**WORK INSTRUCTION:**
Your reply should hold exactly the lines from the one that contains "Magic The Gathering" through the end of the data. Repeat them word for word.

━━━━━━

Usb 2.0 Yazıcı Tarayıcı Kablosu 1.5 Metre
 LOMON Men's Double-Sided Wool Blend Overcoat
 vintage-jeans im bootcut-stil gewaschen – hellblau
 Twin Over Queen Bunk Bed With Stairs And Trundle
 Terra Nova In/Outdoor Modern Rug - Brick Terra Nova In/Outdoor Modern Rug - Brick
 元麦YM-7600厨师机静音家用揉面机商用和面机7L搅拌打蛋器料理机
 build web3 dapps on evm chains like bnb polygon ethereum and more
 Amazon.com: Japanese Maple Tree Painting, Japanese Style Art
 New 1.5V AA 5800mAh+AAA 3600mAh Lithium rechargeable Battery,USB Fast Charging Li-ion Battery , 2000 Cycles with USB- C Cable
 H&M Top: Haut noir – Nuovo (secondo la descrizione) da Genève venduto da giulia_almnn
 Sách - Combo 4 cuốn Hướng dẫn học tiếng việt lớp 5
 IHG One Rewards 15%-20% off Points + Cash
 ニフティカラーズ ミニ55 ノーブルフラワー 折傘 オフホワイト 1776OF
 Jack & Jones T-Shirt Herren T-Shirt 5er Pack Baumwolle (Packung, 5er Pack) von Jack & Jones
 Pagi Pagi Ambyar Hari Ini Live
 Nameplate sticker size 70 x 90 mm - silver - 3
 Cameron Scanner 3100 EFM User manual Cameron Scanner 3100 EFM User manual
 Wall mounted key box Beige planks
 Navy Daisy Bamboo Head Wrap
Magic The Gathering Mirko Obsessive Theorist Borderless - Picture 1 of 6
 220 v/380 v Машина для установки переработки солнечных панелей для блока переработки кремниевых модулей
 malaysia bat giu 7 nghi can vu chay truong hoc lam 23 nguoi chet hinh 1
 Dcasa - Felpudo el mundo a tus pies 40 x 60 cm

━━━━━━

**RESPONSE BOX:**
Magic The Gathering Mirko Obsessive Theorist Borderless - Picture 1 of 6
 220 v/380 v Машина для установки переработки солнечных панелей для блока переработки кремниевых модулей
 malaysia bat giu 7 nghi can vu chay truong hoc lam 23 nguoi chet hinh 1
 Dcasa - Felpudo el mundo a tus pies 40 x 60 cm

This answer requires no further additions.